The WWTP Expansion project is required to complete future development within urban Meaford. The existing WWTP has run between 70% and 80% capacity in recent years and does not have the required capacity to accommodate proposed development,” the municipality noted in September of last year as it kicked off the required municipal class environmental assessment process for the expansion.

In the long run, the bulk of the cost to expand the wastewater treatment plant will be paid not by current Meaford ratepayers, but rather by development charges collected from all the new developments we will be seeing in this municipality. However, the amount of debt that will be required initially (development charges will essentially pay off the bulk of that debt over time) could cripple this municipality when it comes to other infrastructure needs in the years to come.

Many readers will remember the horrible position this municipality was in back in 2010, with some $3 million in accumulated deficits that had to be dealt with by draining municipal reserve accounts to virtually nothing, combined with great concern among many residents about the growing long-term debt, which had topped $10 million. Our roads and bridges were in bad shape with little to nothing available to address rehabilitation needs, and ratepayers were rightly frustrated, particularly as they were being handed hefty rate increases required to dig us out of the hole that we were in.

As a result, in 2011 Meaford’s cash and investments were dangerously low, with the municipality having just $573,000 on hand, while at the end of 2023, this municipality is reported to have nearly $30 million in investments. Though the long term debt was once again approaching $10 million (after having been reduced to roughly $5 million by 2020), it is still less than it was in 2010 when the municipality had virtually nothing in the bank.

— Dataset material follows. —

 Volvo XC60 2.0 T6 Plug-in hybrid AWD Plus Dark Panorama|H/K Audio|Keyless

To right Meaford’s financial ship, a much loathed ‘five year plan’ was implemented in 2010, aimed at replenishing municipal reserves and putting the municipality on more solid financial footing. That five year plan brought with it double-digit municipal property tax increases (softened a little by the council of the day clinging to the optics of ‘blended rate’ increases that amounted to just five percent when the county and school board portions of the municipal tax bill were factored in.) Ultimately it was not five years, but four, due to managing to accomplish in the first four years what had been planned over five.

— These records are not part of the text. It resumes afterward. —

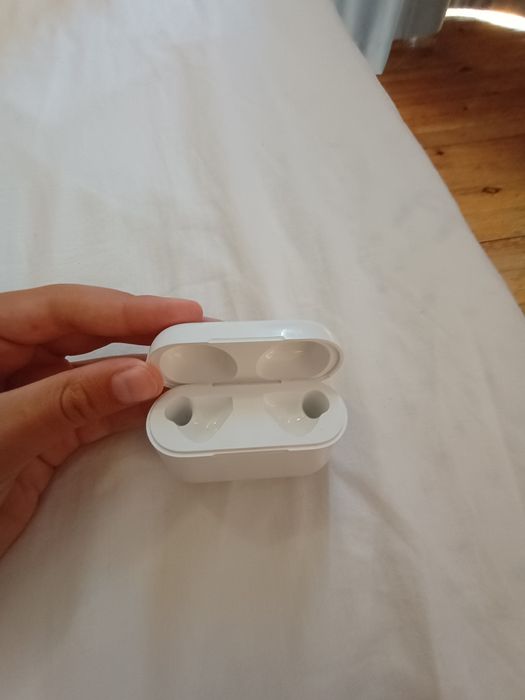 Слушалки earbuds  като чисто нови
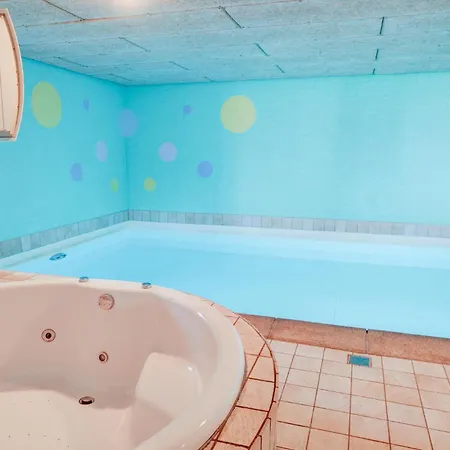 Stunning In Spottrup With Sauna Vakantiehuis Vadum (Skive)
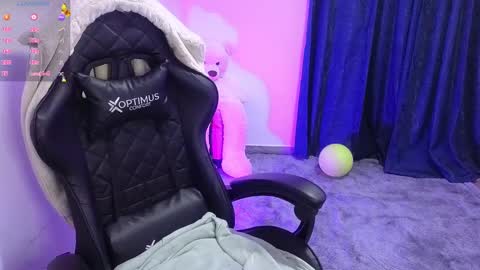 Tessy online show from 01-22-25, 07:03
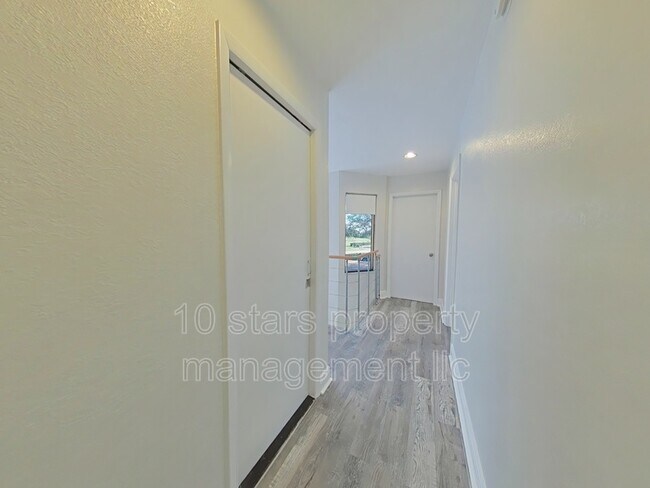 Building Photo - 6287 Sun Blvd
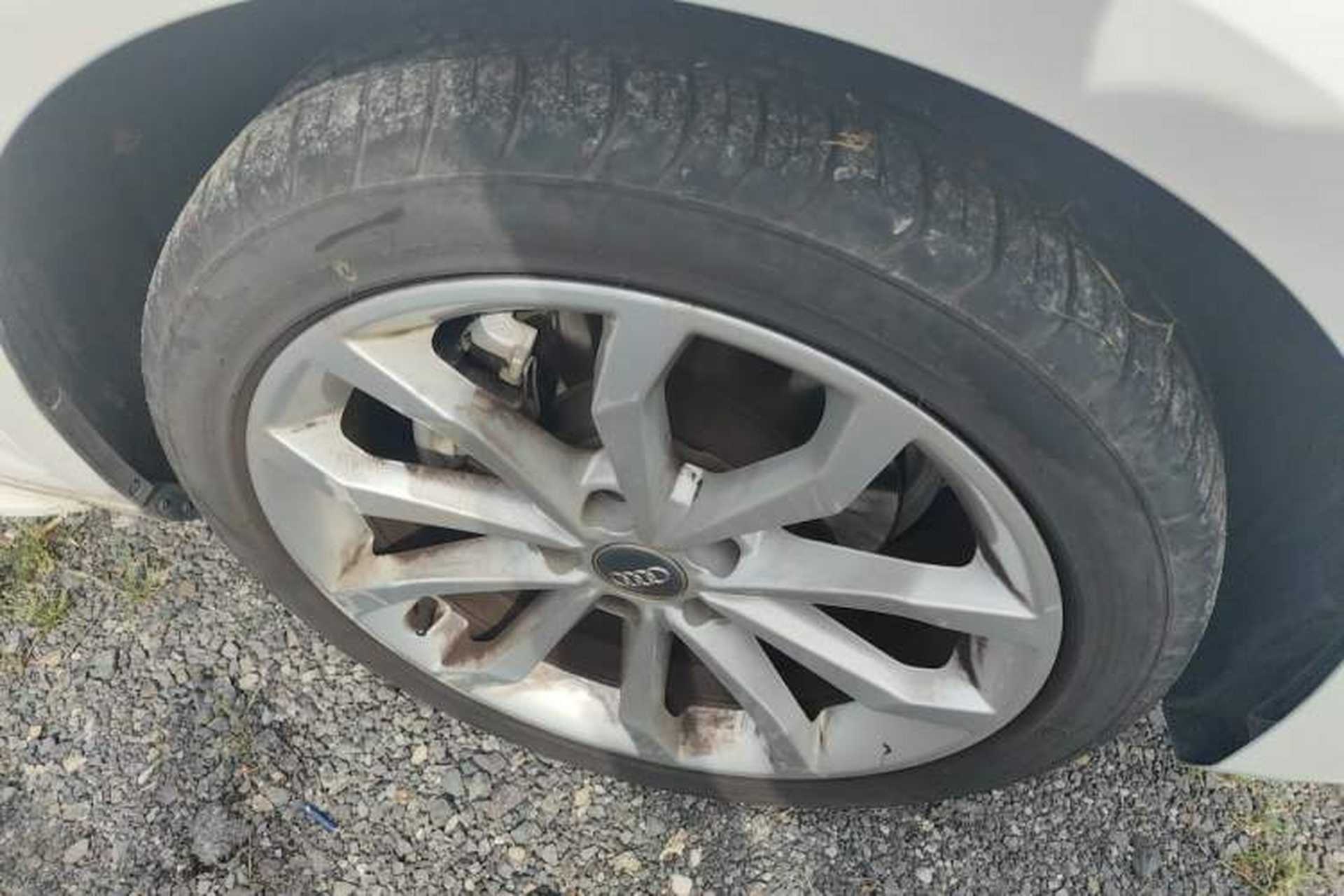 Used Audi A4L 2018 30th Anniversary Edition 40 TFSI Fashion Model Right Front Wheel Hub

Despite all that hard work by successive councils and the sacrifices and increased taxation experienced by Meaford ratepayers, although this municipality is currently in fine financial shape, that is certain to change in the coming years due to pressing infrastructure rehabilitation needs for bridges, along with the tens of millions of dollars that will be required to expand the wastewater treatment plant.

Meaford is not alone. A scan of news websites from across the province provides story after story of municipalities struggling with funding for major and crucially important infrastructure needs. Upper levels of government, and in particular our provincial government, must find ways to pump significantly more funding into municipal infrastructure needs.

Municipalities, particularly smaller rural municipalities, simply do not have the funding sources available to tackle such enormous infrastructure projects. And unlike other levels of government they have limited revenue sources, primarily property taxes and user fees, while relying on grant opportunities to help fund major projects. But grant opportunities are not always plentiful, and with 444 municipalities vying for what little grant funding is offered, there are no guarantees that upper level grant funding will be available when needed.

This leaves municipalities in a precarious position, particularly when major and extremely expensive infrastructure needs become too critical to push off into the future in hopes of funding becoming available in the future.

The province needs to step up, and the federal government needs to offer more funding opportunities to municipalities for these crucial infrastructure projects that can cripple a municipality if not addressed, but can also cripple municipalities if they load up on debt in order to meet the needs of their communities.